New Antiwar Resolution on Yemen Introduced in the House
Alex Emmons reports on the new war powers resolution on Yemen introduced by Rep. Ro Khanna today:
On Wednesday, California Democrat Ro Khanna introduced a resolution invoking the 1973 War Powers Act, declaring that Congress never authorized U.S. support for the coalition in Yemen and directing President Donald Trump to withdraw U.S. troops from “hostilities” against the Houthis, the Iranian-backed rebel group at war with Saudi Arabia and the UAE.
The new resolution (H.Con.Res. 138) has many more co-sponsors than last year’s H.Con.Res. 81, and it stands a better chance of being brought to the floor for a vote. The co-sponsors include Democratic ranking members from both the Armed Services and Foreign Affairs Committees, as well as the minority whip. There is growing opposition in Congress to our policy of unconditionally supporting the Saudi coalition as it pulverizes and starves Yemen. If it is brought to a vote, this resolution offers opponents of the war an opportunity to shut down U.S. support for the coalition once and for all. Since the Trump administration will do nothing to curb or restrain the Saudis and Emiratis, it falls to Congress to do what should have been done years ago.

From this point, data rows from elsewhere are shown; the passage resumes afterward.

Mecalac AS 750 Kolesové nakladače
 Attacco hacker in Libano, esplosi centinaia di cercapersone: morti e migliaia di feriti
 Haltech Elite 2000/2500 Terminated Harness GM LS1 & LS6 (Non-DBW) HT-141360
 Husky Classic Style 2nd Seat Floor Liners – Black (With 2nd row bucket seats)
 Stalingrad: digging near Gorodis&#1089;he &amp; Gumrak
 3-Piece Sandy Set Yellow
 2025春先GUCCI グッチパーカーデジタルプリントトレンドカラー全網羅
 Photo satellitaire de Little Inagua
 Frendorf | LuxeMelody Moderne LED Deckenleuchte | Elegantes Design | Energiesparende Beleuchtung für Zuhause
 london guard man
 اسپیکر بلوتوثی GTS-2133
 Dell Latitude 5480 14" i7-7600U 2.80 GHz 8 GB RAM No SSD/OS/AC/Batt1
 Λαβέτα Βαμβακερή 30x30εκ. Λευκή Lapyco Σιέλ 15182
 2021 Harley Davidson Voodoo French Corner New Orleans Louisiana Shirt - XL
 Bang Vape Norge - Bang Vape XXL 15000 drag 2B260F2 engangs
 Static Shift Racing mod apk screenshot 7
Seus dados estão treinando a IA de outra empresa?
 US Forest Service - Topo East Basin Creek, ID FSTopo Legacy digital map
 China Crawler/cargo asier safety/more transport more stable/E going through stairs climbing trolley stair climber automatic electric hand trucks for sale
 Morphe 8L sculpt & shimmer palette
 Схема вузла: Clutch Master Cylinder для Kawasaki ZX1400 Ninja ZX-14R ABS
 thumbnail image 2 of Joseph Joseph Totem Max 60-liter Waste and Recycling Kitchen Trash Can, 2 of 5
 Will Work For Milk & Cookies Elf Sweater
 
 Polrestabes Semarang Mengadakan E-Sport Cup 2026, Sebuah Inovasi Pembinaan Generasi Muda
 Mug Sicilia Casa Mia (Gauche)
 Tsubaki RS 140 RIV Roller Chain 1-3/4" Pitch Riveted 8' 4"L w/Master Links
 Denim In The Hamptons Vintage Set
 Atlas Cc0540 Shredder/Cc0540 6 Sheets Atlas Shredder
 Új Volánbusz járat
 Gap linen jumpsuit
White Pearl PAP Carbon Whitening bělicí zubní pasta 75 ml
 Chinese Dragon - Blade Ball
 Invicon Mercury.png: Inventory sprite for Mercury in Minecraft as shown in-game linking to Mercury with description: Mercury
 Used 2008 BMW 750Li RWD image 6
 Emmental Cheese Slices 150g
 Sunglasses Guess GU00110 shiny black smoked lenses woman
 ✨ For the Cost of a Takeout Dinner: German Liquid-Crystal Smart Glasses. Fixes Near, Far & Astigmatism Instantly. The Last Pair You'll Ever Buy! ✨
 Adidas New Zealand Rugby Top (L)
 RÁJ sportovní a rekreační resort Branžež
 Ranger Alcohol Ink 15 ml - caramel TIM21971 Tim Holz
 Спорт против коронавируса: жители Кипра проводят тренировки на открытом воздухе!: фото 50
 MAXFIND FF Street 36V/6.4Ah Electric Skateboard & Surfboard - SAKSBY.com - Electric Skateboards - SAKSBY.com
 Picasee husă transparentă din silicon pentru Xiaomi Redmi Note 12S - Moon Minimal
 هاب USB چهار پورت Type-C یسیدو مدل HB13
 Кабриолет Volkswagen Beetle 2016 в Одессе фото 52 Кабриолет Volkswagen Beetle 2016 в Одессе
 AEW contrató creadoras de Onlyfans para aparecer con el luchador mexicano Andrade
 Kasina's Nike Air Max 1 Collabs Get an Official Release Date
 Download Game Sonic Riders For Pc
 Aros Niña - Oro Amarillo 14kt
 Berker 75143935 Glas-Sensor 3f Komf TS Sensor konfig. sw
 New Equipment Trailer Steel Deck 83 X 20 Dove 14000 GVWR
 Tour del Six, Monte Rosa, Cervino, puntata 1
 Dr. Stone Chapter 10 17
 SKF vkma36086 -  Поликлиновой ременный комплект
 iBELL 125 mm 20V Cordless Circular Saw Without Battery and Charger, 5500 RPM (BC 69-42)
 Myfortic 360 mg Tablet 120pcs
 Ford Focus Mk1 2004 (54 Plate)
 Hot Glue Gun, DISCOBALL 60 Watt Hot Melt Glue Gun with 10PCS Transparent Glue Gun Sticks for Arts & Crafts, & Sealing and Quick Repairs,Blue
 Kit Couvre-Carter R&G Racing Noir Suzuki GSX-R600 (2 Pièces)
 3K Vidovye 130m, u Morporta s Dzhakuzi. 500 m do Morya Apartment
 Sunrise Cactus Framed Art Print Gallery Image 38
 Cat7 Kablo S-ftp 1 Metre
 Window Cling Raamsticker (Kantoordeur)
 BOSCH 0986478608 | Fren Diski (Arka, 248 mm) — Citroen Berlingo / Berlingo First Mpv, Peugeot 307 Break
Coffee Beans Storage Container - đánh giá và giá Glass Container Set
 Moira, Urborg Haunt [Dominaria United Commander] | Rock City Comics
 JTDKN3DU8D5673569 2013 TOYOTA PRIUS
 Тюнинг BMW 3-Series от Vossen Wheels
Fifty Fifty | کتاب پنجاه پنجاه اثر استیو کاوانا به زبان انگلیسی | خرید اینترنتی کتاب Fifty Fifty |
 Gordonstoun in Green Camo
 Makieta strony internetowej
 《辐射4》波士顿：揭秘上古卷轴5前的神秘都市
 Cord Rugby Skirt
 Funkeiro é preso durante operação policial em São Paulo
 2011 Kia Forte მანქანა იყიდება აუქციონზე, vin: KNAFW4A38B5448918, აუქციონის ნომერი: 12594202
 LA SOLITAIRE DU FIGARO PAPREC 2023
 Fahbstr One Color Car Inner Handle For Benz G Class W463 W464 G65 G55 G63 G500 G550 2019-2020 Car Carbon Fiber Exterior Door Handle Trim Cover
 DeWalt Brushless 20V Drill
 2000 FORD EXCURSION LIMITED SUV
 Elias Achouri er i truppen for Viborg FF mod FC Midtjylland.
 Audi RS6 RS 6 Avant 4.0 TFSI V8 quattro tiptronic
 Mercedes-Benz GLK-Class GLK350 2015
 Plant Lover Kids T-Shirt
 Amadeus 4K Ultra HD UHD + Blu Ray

The Trump administration will fight this resolution just like it fought against the Sanders-Lee resolution in the Senate this past spring, but they will face more opposition this time. The last six months have confirmed just how wrong all of the administration’s pro-war claims have been. U.S. assistance has not reduced the number of civilian casualties, and it has not made coalition forces less likely to harm civilians. On the contrary, the coalition has committed multiple massacres over the last few months, including the Aug. 9 attack on the school bus, and the coalition’s sham investigations of its own attacks have been little more than cover-ups. The Yemen Data Project has documented that the coalition has been hitting non-military targets at a much higher rate in the last few months than in the past, and since they began their attack on Hodeidah civilian casualties have risen rapidly. The administration has discredited its claims by issuing a bogus certification that the Saudi coalition is meeting the requirements laid out by Congress. Now House members can do what the Senate should have done in March by voting to force an end to the illegal U.S. involvement in the disgraceful war on Yemen.